Karakuşî Kadı: Götürün Bu Boyacıyı Asın!

Karakuşî Kadı diye tarihsel bir figür var.
Kimilerine göre hikmet sahibi/nüktedan ve çözüm odaklı bir zat,
Kimilerine göre de yolsuzlukları ile ünlü bir kadı…
Selçuklu döneminde yaşamış diyen de var, Selahattin Eyyübi devrinde de…
Fıkralarını anlatan Demirel ise Osmanlı Kadısı olarak bahseder…
Kimse kim ve ne zaman yaşamışsa yaşamış ama bir Karakuşî Kadı ve ona izafeten söylenip günümüze kadar “Hükm-ü Karakuşî” diye kavramsallaştırılan yargısal hikayeler var.
Ve, hukuk/kanun/mahkeme içerikli bazı konu ve kararlar gündeme geldiğinde,
Hele de, alınan bazı kararlar kamu vicdanında itirazlara yol açınca Karakuşî Kadı gelip gündemin baş köşesine oturuyor.

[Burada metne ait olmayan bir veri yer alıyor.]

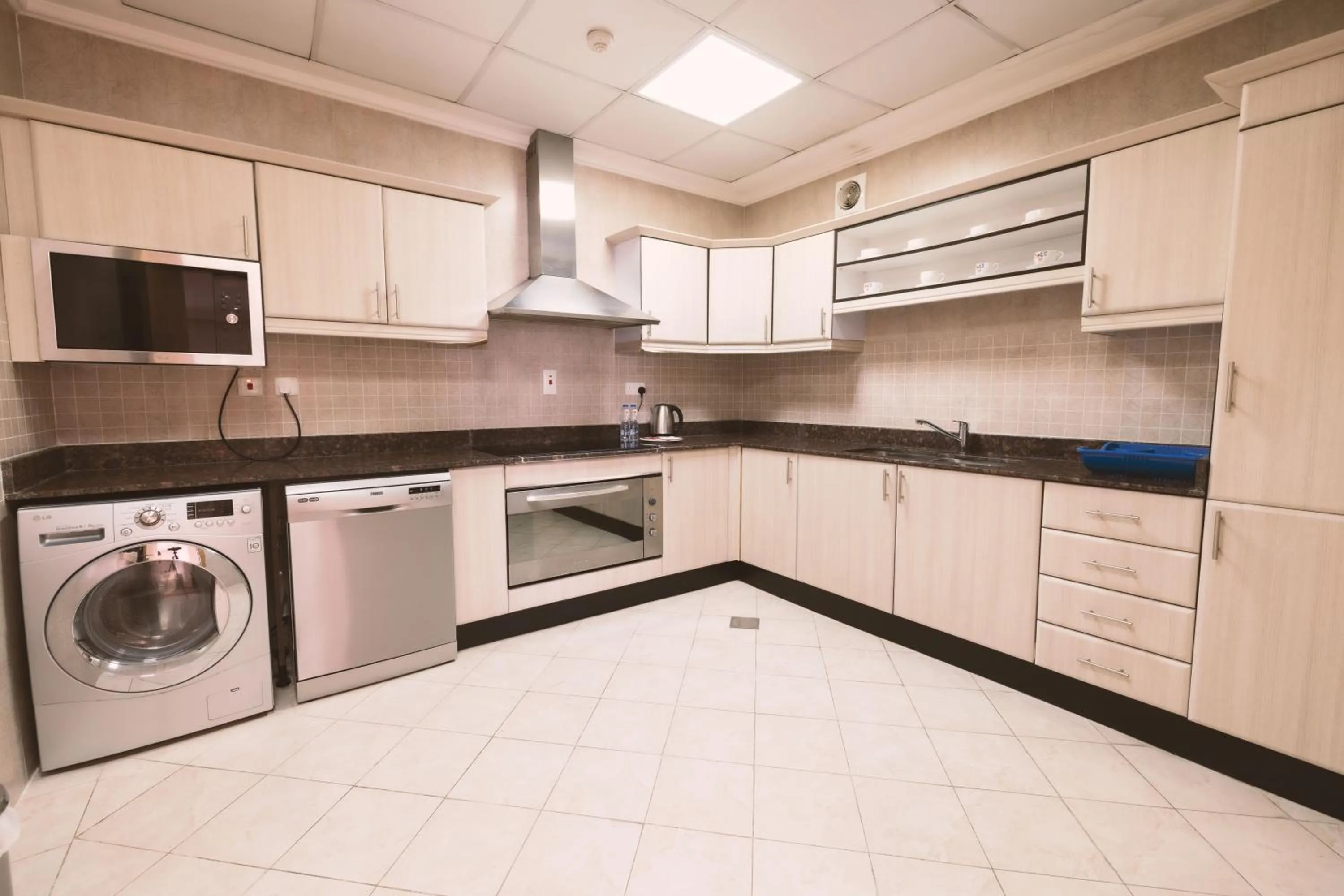 Kitchen or kitchenette in Magnum Hotel & Suites West Bay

Başlayalım o halde biz de…
Hırsız bir evi gözüne kestirir ve etrafı kolaçan eder.
Şuradan mı girsem, buradan mı insem yoksa merdiven mi dayasam derken; en iyisi balkondan girmek demiş.
Sabırla beklemiş ve gece bastırınca bahçeye girip oradan balkona tırmanmaya başlamış…
Bir adım, bir adım ve bir adım daha,
Tam çıkmak üzere balkonun korkuluğunu yakalamış.
Ama bir anda balkon korkuluğu kopmaz mı…
Hırsız, saksı gibi pat diye düşmüş ve ayağını kırmış…
Sabah olunca, hırsız doğruca Karakuşî Kadı’ya gitmiş ve halini gösterip;
“Kadı Efendi,
Ben soymak için bir eve girecektim,
fakat balkon korkuluğu çürükmüş ve koptu.
Ben de düşüp ayağımı kırdım!” demiş.